Grass is the fastest surface in tennis for one simple reason: the ball skids. On a hard court the ball grips and kicks up; on grass it stays low and accelerates through the bounce.

The practical effects:

  • Less reaction time, rallies are shorter and first strikes matter more
  • Low bounce, two-handed backhands and extreme grips struggle
  • Rewarded serving, a good slider out wide is nearly unreturnable

Why upsets happen

The grass season is short. Players get only a couple of warm-up events before the biggest grass tournament of the year, which means the tour's best clay-courters arrive with almost no time to adjust their footwork and timing.

Meanwhile, grass-court specialists, big servers, natural volleyers, players who love a low slice, suddenly find the sport tilted in their favour for a month.

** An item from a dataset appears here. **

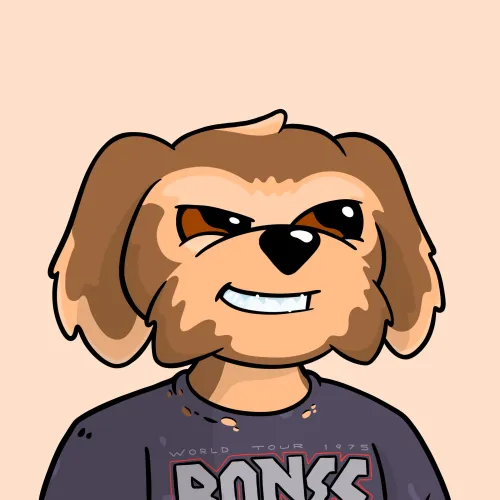 BoDoggos #4995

On grass, a top-ten player can lose to a qualifier and nobody who knows tennis is truly shocked.

How champions adapt

The players who win consistently on grass share a few habits:

  1. They shorten their swings. There is no time for a full clay-court backswing.
  2. They take the return early, standing inside the baseline to cut off the skid.
  3. They slice with purpose, keeping the ball ankle-height to force errors.
  4. They come forward. Even baseline players finish points at the net on grass.

A surface worth protecting

Grass is expensive to maintain and covers only a few weeks of the calendar, but it remains the sport's living museum, the surface where tennis began, and the one place where the old arts of serve-and-volley and the sliced approach still decide championships.